[[ Source information open ]]

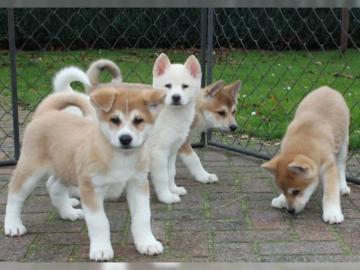 Japanische Akita Inu Welpen
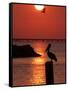 APTOPIX Pontchartrain Sunset-Ann Heisenfelt-Framed Stretched Canvas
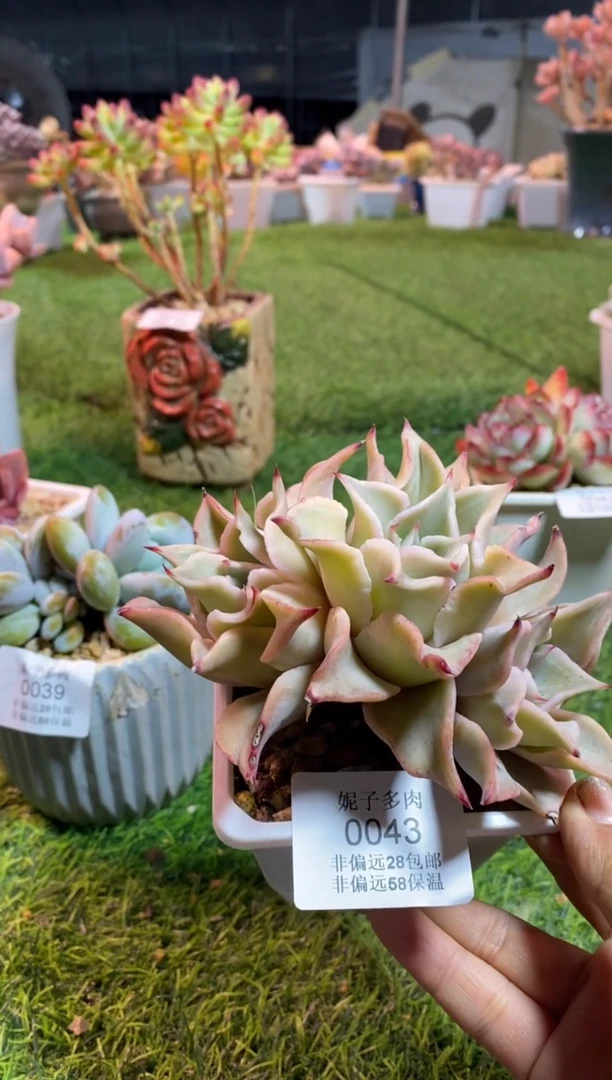 【闪购商品】0043a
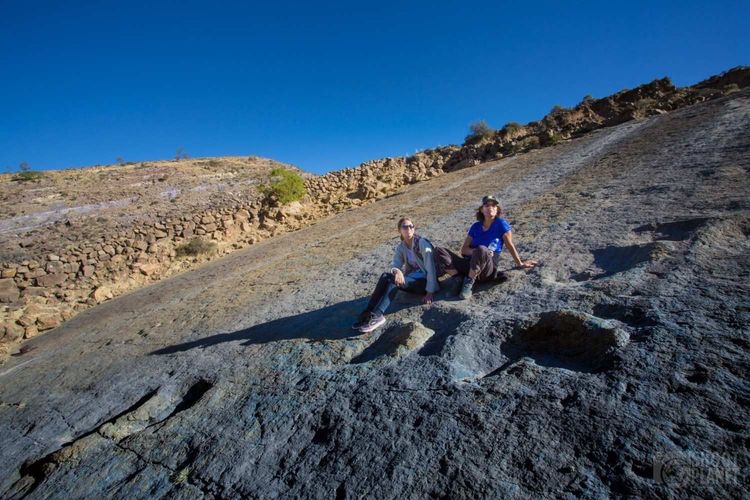 Regreso con parada panorámica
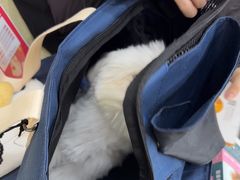 -天宠宠物医院24小时·急重症诊疗中心·全科·腔镜特色(和平分院)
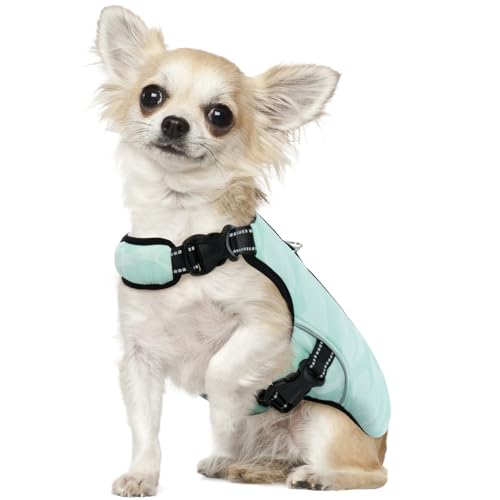 Kühlweste für Hunde, Hundekühlungsmantel Sommer Sicherheitsweste Atmungsaktive & Reflektierende für Klein Mittlere Große Hunde Kühljacke Aktivitäten Draußen Wandern Training(Grün, S) von PUMYPOREITY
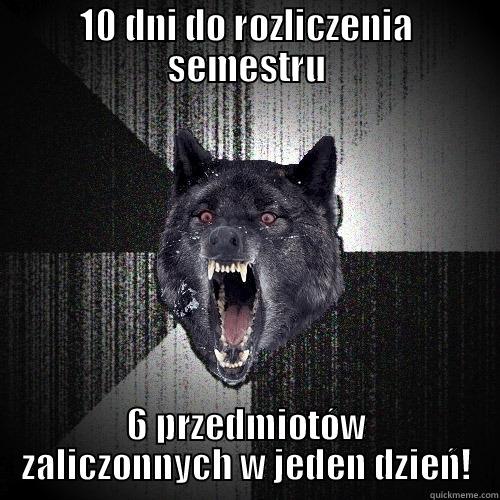 10 DNI DO ROZLICZENIA SEMESTRU 6 PRZEDMIOTÓW ZALICZONNYCH W JEDEN DZIEŃ! Insanity Wolf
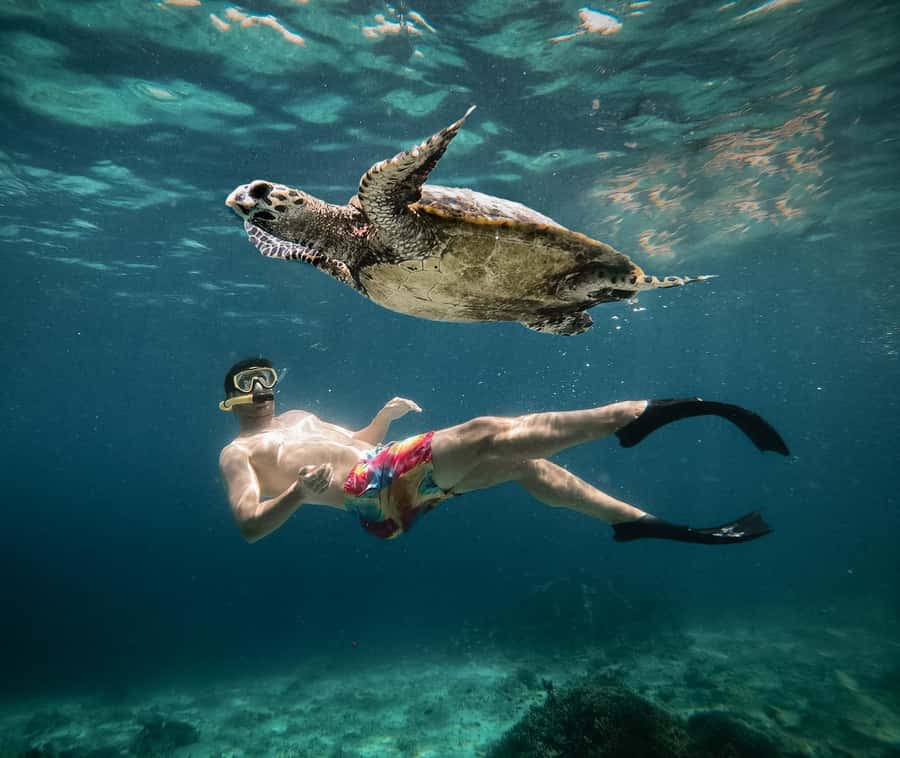 From Gili Air: Snorkeling with Turtles & Underwater Statue - Starting at Oseana in Gili Air: gear, fins, and a quick safety reset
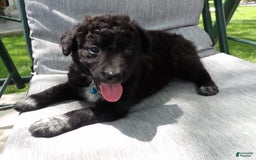 Border Collie dogs for sale: Mooney - Image 3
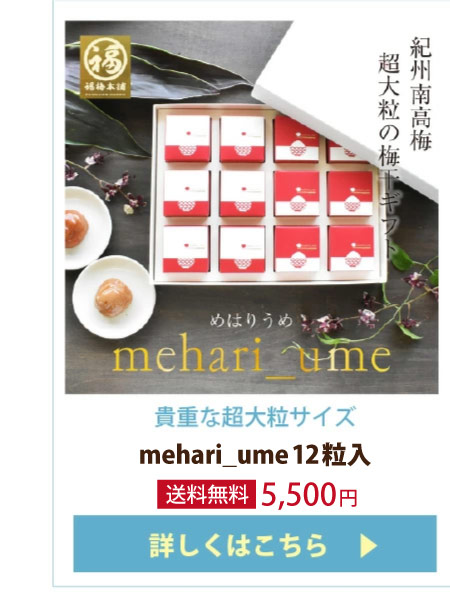 mehari_ume12粒入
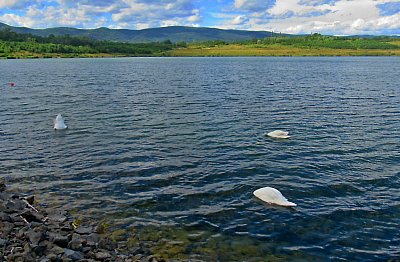 Pardon, jsme na lovu*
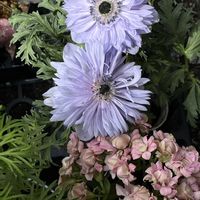 ガーベラ,クリスマスローズ・リビダス,八重咲きカランコエ,ラークスパー アールグレイ,見元園芸 アネモネの画像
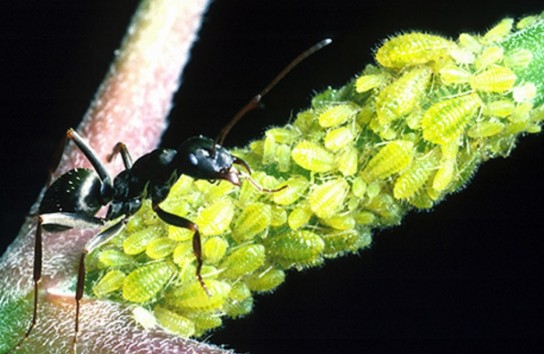 Способы удаления муравьев с клубники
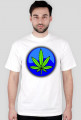 Boom "Grass"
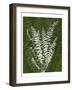 Jewel Ferns I-James Burghardt-Framed Art Print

[[ Source information closed ]]

Activity: Could you restate every record above word for word, dropping the pictures?

Output for this task:
 Japanische Akita Inu Welpen
 APTOPIX Pontchartrain Sunset-Ann Heisenfelt-Framed Stretched Canvas
 【闪购商品】0043a
 Regreso con parada panorámica
 -天宠宠物医院24小时·急重症诊疗中心·全科·腔镜特色(和平分院)
 Kühlweste für Hunde, Hundekühlungsmantel Sommer Sicherheitsweste Atmungsaktive & Reflektierende für Klein Mittlere Große Hunde Kühljacke Aktivitäten Draußen Wandern Training(Grün, S) von PUMYPOREITY
 10 DNI DO ROZLICZENIA SEMESTRU 6 PRZEDMIOTÓW ZALICZONNYCH W JEDEN DZIEŃ! Insanity Wolf
 From Gili Air: Snorkeling with Turtles & Underwater Statue - Starting at Oseana in Gili Air: gear, fins, and a quick safety reset
 Border Collie dogs for sale: Mooney - Image 3
 mehari_ume12粒入
 Pardon, jsme na lovu*
 ガーベラ,クリスマスローズ・リビダス,八重咲きカランコエ,ラークスパー アールグレイ,見元園芸 アネモネの画像
 Способы удаления муравьев с клубники
 Boom "Grass"
 Jewel Ferns I-James Burghardt-Framed Art Print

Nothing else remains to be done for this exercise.